→ PROBLEM TO WORK ON:
Without any of the pictures, set down the data below exactly.

→ DATA EXCERPT:
● ● ● ●

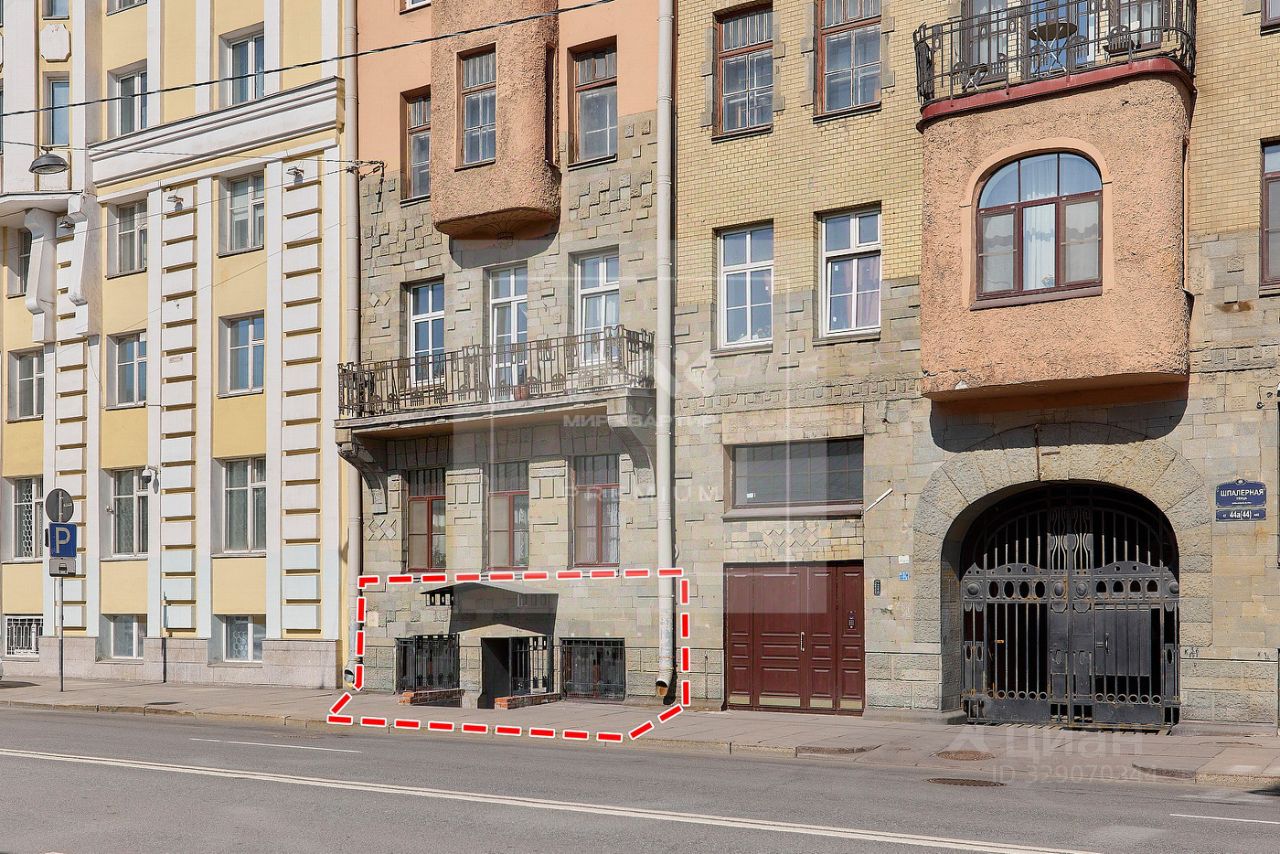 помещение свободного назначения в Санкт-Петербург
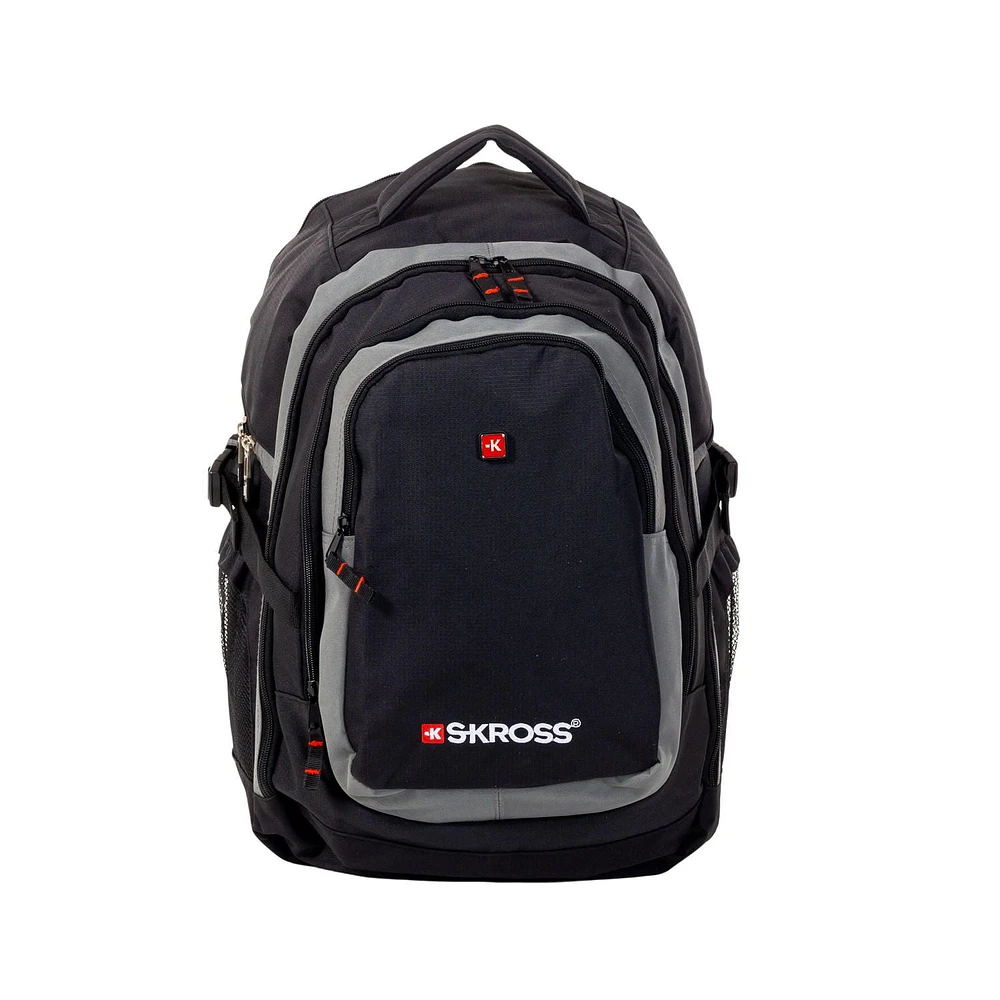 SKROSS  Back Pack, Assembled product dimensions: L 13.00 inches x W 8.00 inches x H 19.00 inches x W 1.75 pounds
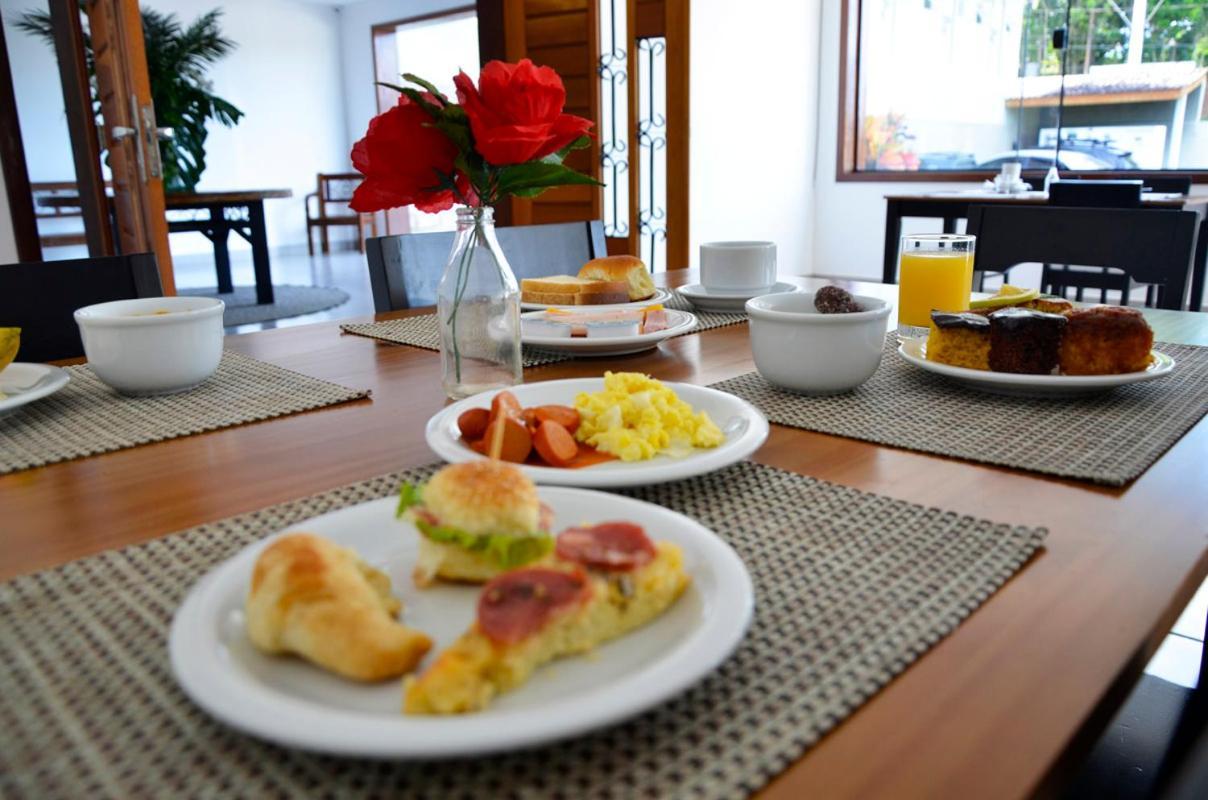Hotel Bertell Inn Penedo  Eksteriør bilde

● ● ● ●

→ OUTPUT FOR THIS TASK:
 помещение свободного назначения в Санкт-Петербург
 SKROSS  Back Pack, Assembled product dimensions: L 13.00 inches x W 8.00 inches x H 19.00 inches x W 1.75 pounds
Hotel Bertell Inn Penedo  Eksteriør bilde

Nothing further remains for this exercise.